Thoughts and prayers are with all those in, or who have loved ones in, Boston. Looking at the pictures it's hard to even comprehend it is the same street I walked a few weeks ago.


----------



## Legendary Sidekick (Apr 15, 2013)

I live in Massachusetts, so this isn't happening far from home as 9/11 was not. I don't understand how anyone can commit such an evil act. Thoughts and prayers go to the victims and loved ones, as you said, Velka.


----------



## Devora (Apr 15, 2013)

I heard about it too. Some news stations are saying it was a terrorist attack.


----------



## Legendary Sidekick (Apr 15, 2013)

Even before I saw the footage (my wife told me over the phone), that was the only conclusion I could draw. When 9/11 first happened, there were those moments in which my coworkers and I were asking if the place crash could have been accidental. This time around, I was quick to dismiss such a thought.

Two bombs across the street from each other - shotgun pellets to make sure people get torn apart even if they're not close enough to be killed by the blast - organized with the intent to cause pain, random deaths, fear and panic… yeah, terrorism.


----------



## Jess A (Apr 15, 2013)

I really question the human race at times like this. How awful.


----------



## Sheilawisz (Apr 15, 2013)

I find it surprising that not everyone called this _Terrorism_ right away, because when bombs are planted to kill and mutilate as many people as possible, there is really no other word to describe it.

Why they would want to do this at an International sporting event where children were present, is difficult to understand. I believe that it was done by some lone wolf anarchist like the Atlanta explosion of 1996, because to me it does not seem like the work of an organization.

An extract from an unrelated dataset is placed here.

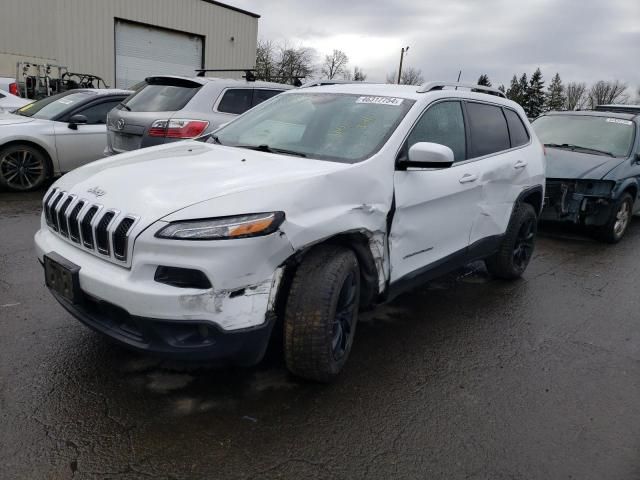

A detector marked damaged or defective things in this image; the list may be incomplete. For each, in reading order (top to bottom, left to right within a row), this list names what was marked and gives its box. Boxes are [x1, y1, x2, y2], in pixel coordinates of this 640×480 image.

damaged front bumper [544, 179, 616, 226] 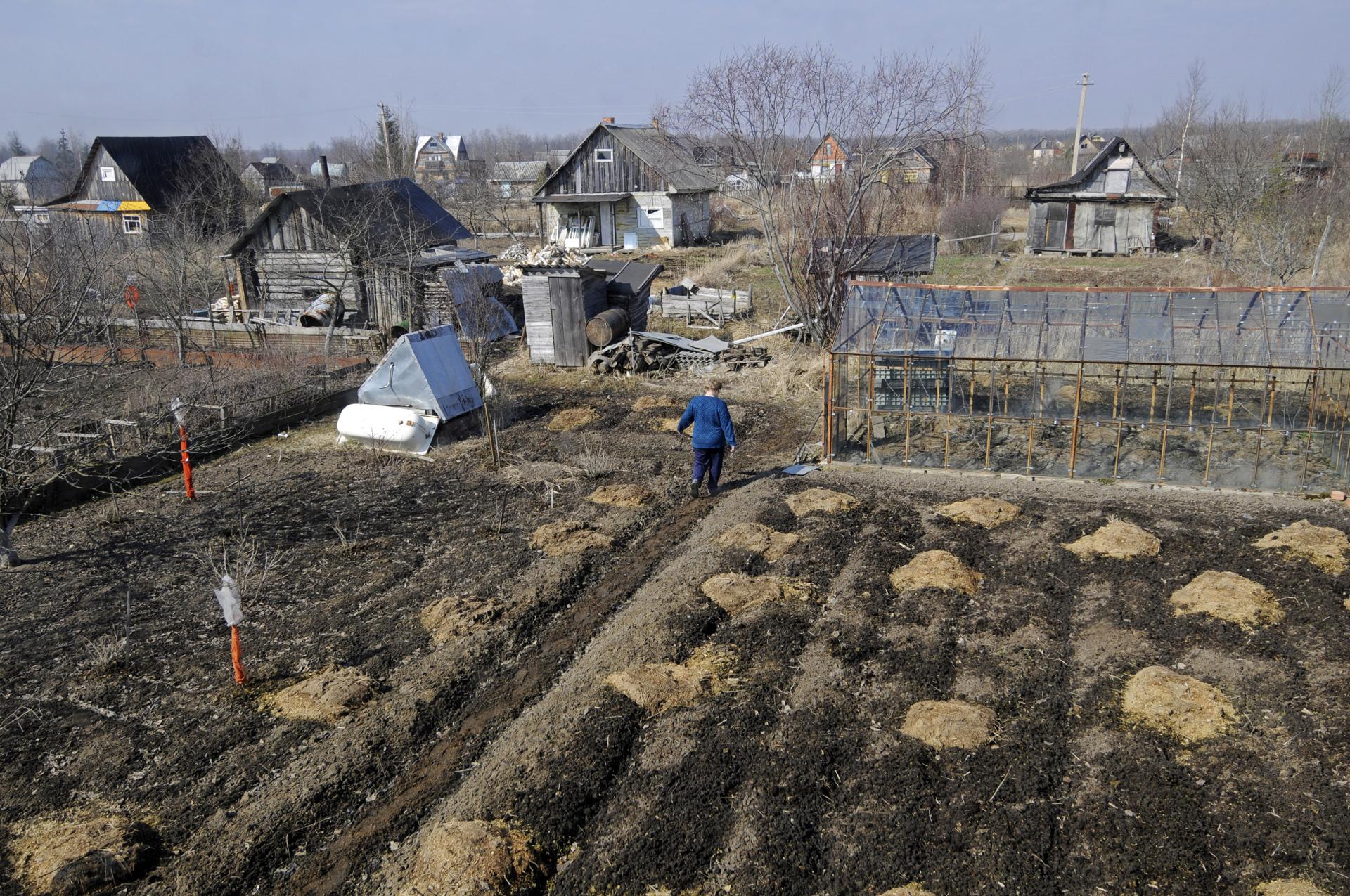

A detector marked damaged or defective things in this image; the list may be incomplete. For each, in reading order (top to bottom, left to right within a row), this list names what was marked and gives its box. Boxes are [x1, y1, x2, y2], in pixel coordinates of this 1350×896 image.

I remember very well my pain and despair after the bombings of Madrid in 2004, crying as I imagined that my friends there had been blown to pieces... I know how the people in Boston must be feeling now, so my best wishes go for everyone affected by this terrorist attack.


----------



## Jess A (Apr 16, 2013)

Terrorism seeks to make a statement. That's why they would pick an international sporting event, which will be on a lot of news stations already, where spectators and children are present. Not only is it likely to be filmed and shown on TV, but the media will report it and hound the story and make it even more public - which is what they want. Problem is, the media and authorities can't make a claim of definite terrorism without evidence so they have to look at every angle (not that it stops some media outlets). Even if it seems obvious what it is (which at this point it does seem obvious it was terrorism). I agree it's hard to understand the mentality to want to kill. Very hard.


----------



## tlbodine (Apr 16, 2013)

The unfortunate thing is that "terrorism" has certain connotations that are really not helpful to a situation like this.  People are scared, and uncertain, and during times like that, fingers start getting pointed and assumptions made.  When you say "Terrorist" in many communities, people are going to assume you mean "Muslim."  I don't know how many people today on Facebook immediately tried to connect this to Al Qaeda despite the lack of evidence.  Or, of course, my paranoid mother, who called up today to suggest that I develop an "exit strategy" (I live in New Mexico, for the record) in case anything else happened -- insinuating that this was perpetrated by North Korea.  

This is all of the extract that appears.